The Fab Five set out to makeover the lives of different people in the state of Georgia while also providing amazing social commentary on anything from LGBT rights to how to best way to declutter someone's house. In the end they are able to teach people more about themselves, while also helping them gain a new sense of self-confidence and establish control over their lives.

Orange is the New Black

OINTB is a six-season Netflix show set at a women’s prison; which features of variety of characters of different races, sexual orientations and gender identities. The show is based off a memoir by Piper Kerman detailing her time in a women’s prison. The show is Netflix’s most-watched original series.

The show does not make the prisoner’s sexuality and gender identity central to the plot, but it makes the variety of characters on the show more original and adds to the way in which the show seeks to humanize prisoners and address some of the important topics and contentious issues surrounding U.S. incarceration.

The Bold Type

This Freeform comedy drama premiered in July 2017 and follows three friends, Jane, Kat and Sutton while they work at a women’s magazine called Scarlet. The show is inspired by the life of former Cosmopolitan editor-in-chief Joanna Coles.

In the first season, Kat explores her sexuality and meets a photographer named Adena. As the second seasons rolls on, their relationship grows and becomes more complex. The show has received a lot of praise for bringing in diverse representation of a lesbian relationship through this couple.

RuPaul's Drag Race

This reality competition show follows host RuPaul in the quest to find the America’s next drag superstar. The show has spanned ten seasons and even airs internationally. Each episode roughly follows a format consisting of a mini challenge, a main challenge, a runway walk, the judging panel, a lip sync battle and the elimination of a contestant.

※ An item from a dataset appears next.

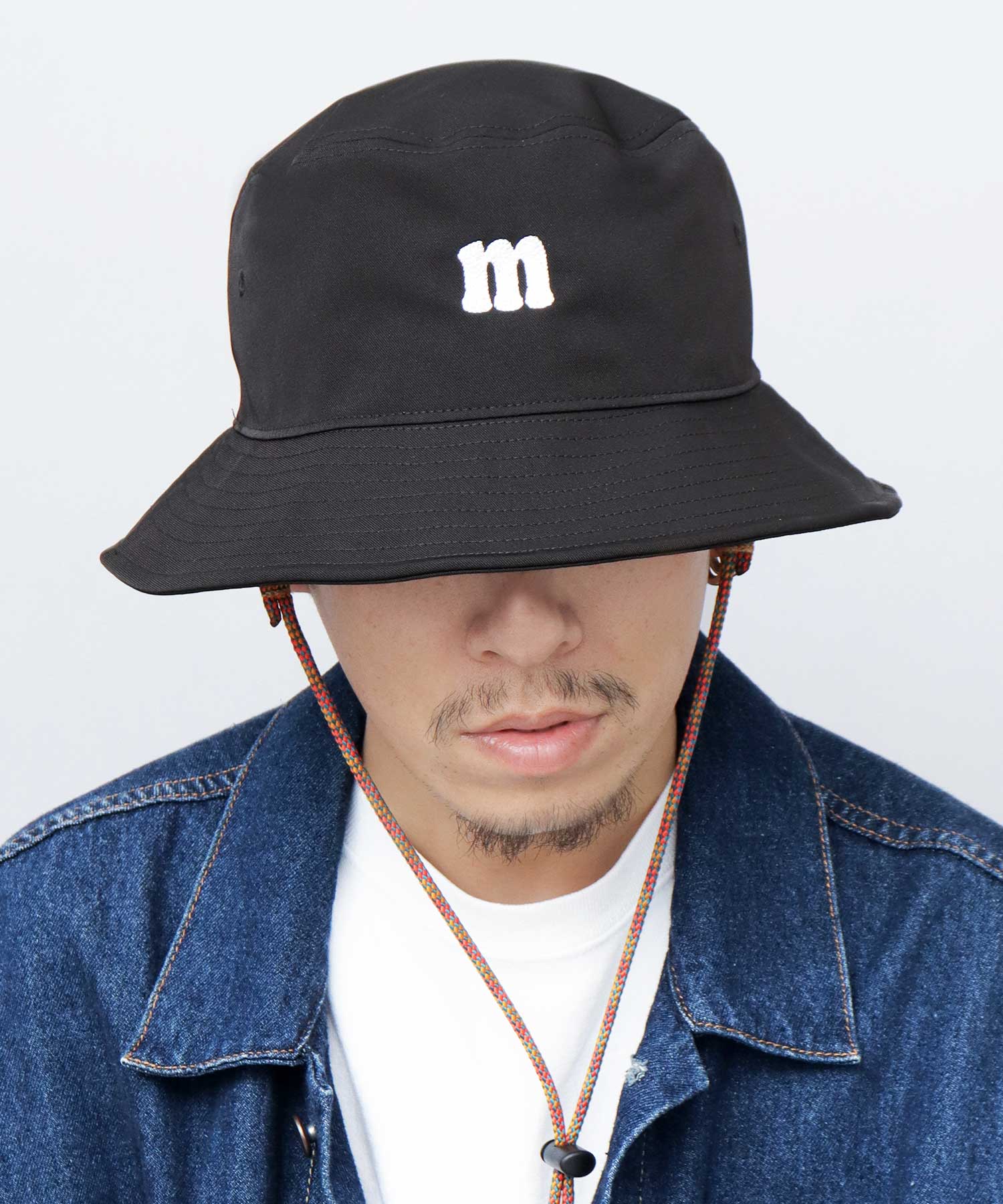 Mr.COVER 長簷深女式帽子 遮陽寬簷寬簷水桶帽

Contestants on the show can be of any sexual orientation or gender, but the show mostly features either gay men or transgender women. The show has also produced spin-off shows RuPaul's Drag U and RuPaul's Drag Race: All Stars.

How to Get Away With Murder

Since season one of HTGAWM, the show has evolved to feature more and more in depth conversation surrounding the LGBT people. Though at first the only real representation came from Connor Walsh and his sex scenes, the show has grown to include so much more as it moves into its fifth season.

Viewers get to be with Annalise Keating while she explores her sexuality, they get to see Walsh stay in a steady yet turbulent relationship that has grown exponentially since it was first introduced, and the show has storylines featuring other characters and actors who are LGBT identifying.